Characters.  There are too many to list, so I’ll focus on the most important.  Many of the movies have characters who only appear in that film. 

Professor Xavier (Patrick Stewart/James McAvoy).  He’s psychic and telepathic, but also confined to a wheelchair.  He’s the Papa Smurf of the good mutants, although (in X2) twisted by Stryker’s mutant boy into attempting to kill all the mutants.

Magneto (Ian McKellan/Michael Fassbender).  His power is being able to manipulate steel/metal:  usually he stops bullets in midair and sends them back at the shooter, or flips cars and tanks around.  Since he can raise submarines, etc. there doesn’t appear to be a limit to his power, although Xavier’s telekinesis is almost as strong and not restricted to metallic objects.  If nothing else, the Nazis taught him to be cynical, but the series tries to be somewhat sympathetic to his viewpoint.

Mystique (Rebecca Romijin/Jennifer Lawrence).  Her power is shapeshifting, a Doppleganger effect.  Her natural form is a hot blue-skinned woman, too dark and sexy to be Smurfette [why not get Katy Perry for this role?].  As noted above, initially in Xavier’s camp, she soon defects to Magneto’s.   In “Last Stand” she loses her abilities, apparently permanently.

Storm (Halle Berry).  An African princess with the power to control the weather, which means she makes lots of tornados and lightning.  Nominally she’s one of the top X-Men but no one seems to want to give her a prequel film.

Cyclops (James Marsden).  His eyes shoot energy blasts, so he has to wear special glasses.  He’s kind of an uptight nerd, so mainly he acts as Jean Grey’s frustrated and jealous boyfriend.

Jean Grey/Phoenix (Famke Jannsen).  She’s a psychic, with powers pretty much identical to Xavier’s.  BO-RING. I’ve noted this before:  she’s the only character who doesn’t have a nickname, just “Jean Grey.”  Her reborn character, Phoenix, is a little too powerful:  she can kill unlimited numbers of people with just a thought.  So we go from “It’s a bird, it’s a plane, it’s… Ted Johnson” to “GOD”.  As I said, boring.  By the way, I didn’t find her dream-seducing Wolverine wearing a negligee (her, not Wolverine) in the new film to be bizarre, unsettling or inappropriate, but I didn’t find it particularly arousing either. 

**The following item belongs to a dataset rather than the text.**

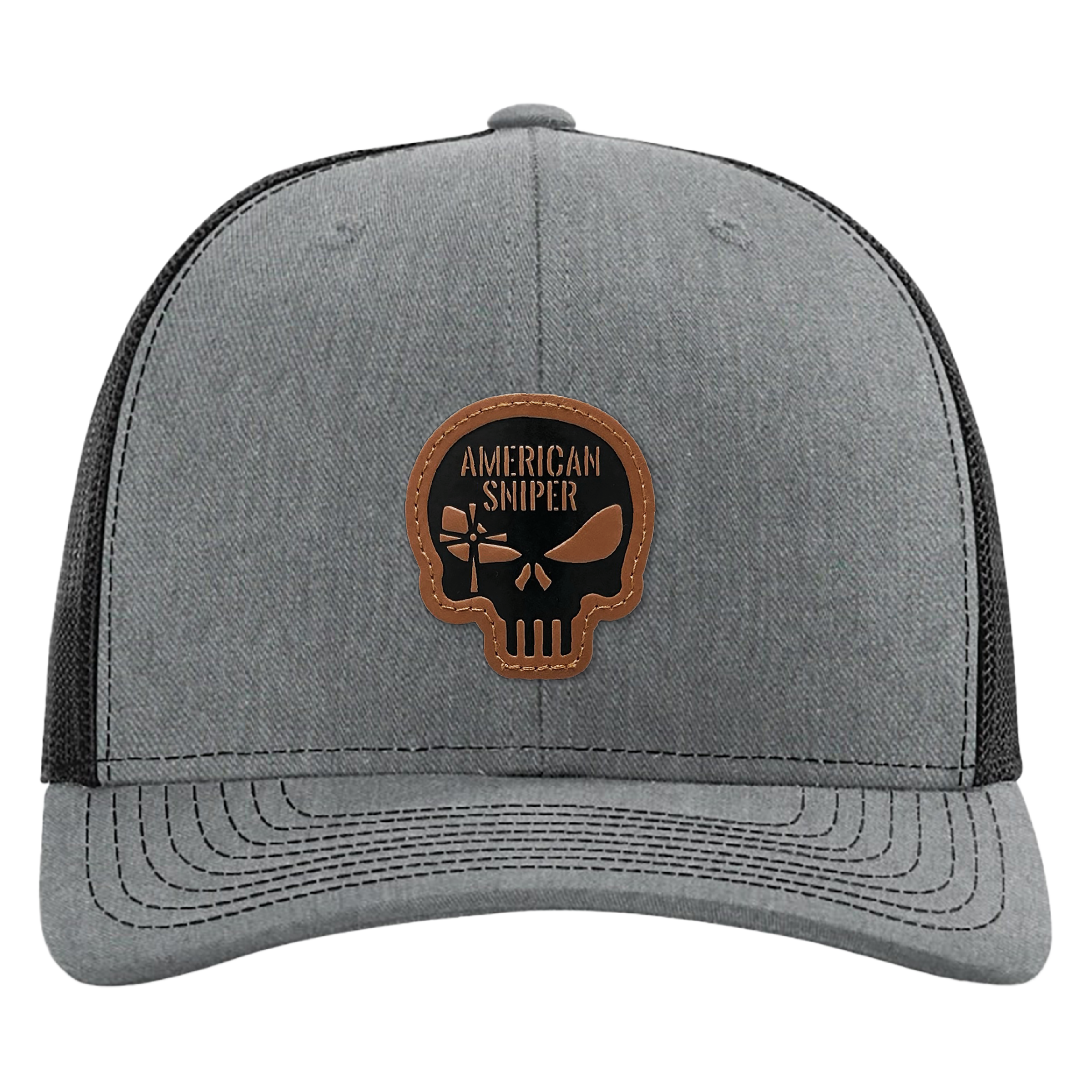 American Sniper Gray Skull Patch Hat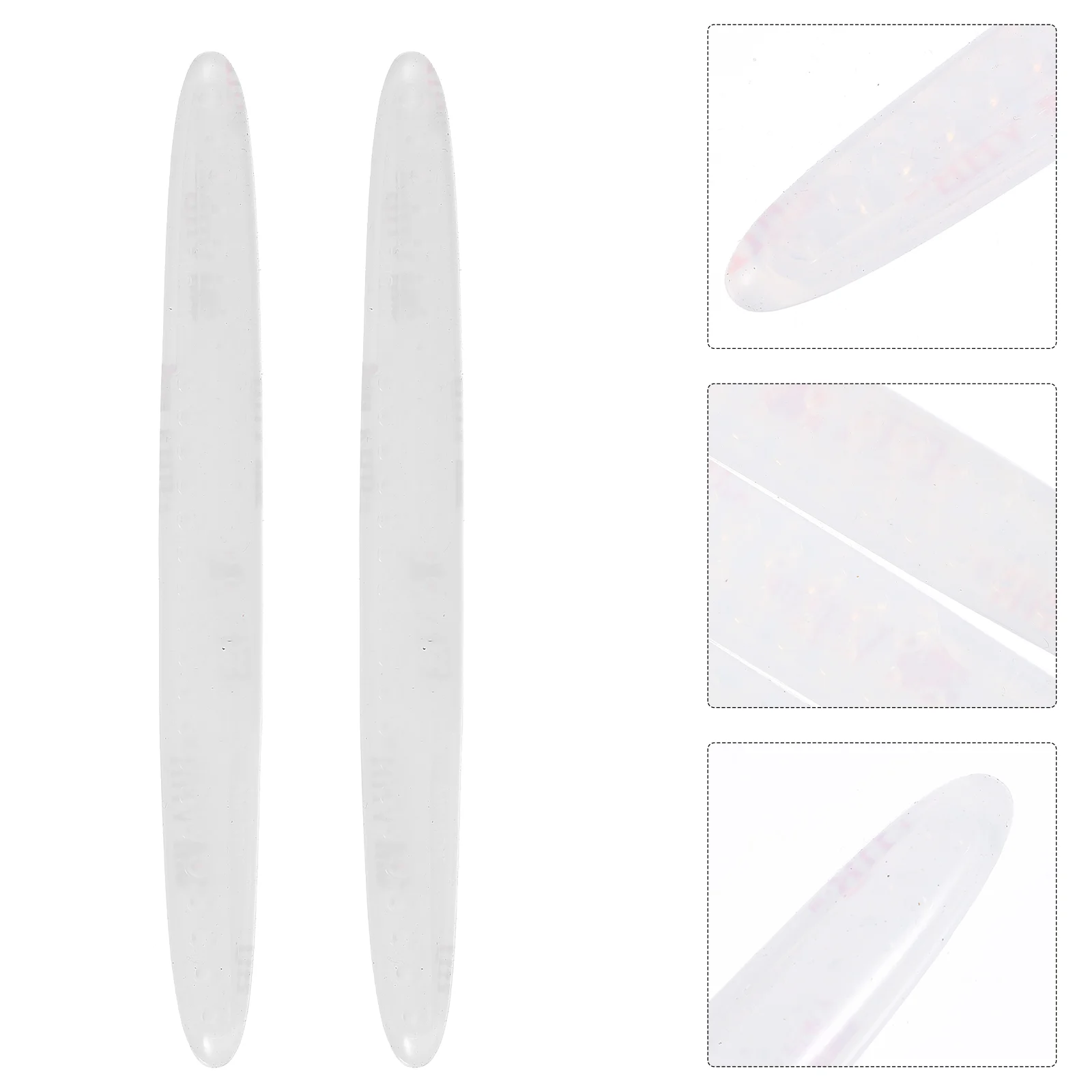 4 Pcs Bumper Strip Car Door Trim Stickers Anti-scratch Tape Air Bag Auto Protector Guard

Wolverine (Hugh Jackman).  Easily the most badass of the entire bunch.  His retractable claws and natural regeneration have been enhanced with adamantium bonded to his entire skeleton, making him practically indestructible, though the Silver Samurai comes closest to killing him.

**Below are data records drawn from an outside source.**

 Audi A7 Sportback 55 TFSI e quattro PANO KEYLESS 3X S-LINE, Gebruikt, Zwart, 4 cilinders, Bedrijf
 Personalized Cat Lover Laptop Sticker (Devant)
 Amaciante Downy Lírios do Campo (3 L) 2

Rogue (Anna Paquin).  Generally I can’t claim any appreciable experience reading the comic books, but here I do know something:  the comic book version was considerably older and more mature, more like Tawny Kitaen.  This Anna Paquin “frightened little girl” deal is a step backwards.  I suppose it’s just as well; Rogue’s power is that she can steal superpowers from anyone else, at the cost of draining their life energy:  sex with Rogue would be fatal. 

Beast (Kelsey Grammer + Nicholas Hoult).  A furry blue beast who was a nerdy scientist and remains nerdy even with fur.  Yeah, that’s his schtick.     

My original comic book favorite was Rogue (I even had a button of her) but in the movies it has to be Wolverine.  I’ve noticed that the movies never put him in his older blue/yellow (L.A. Rams) or newer brown/orange (Cleveland Browns) costume.  Either he’s bare-chested in jeans or in the leather X-men suit.  Mystique takes a #2 just because she’s… well…so damn hot.  I look forward to the “Day of Future Passed” installment coming next year, featuring “That 70s X-Men.”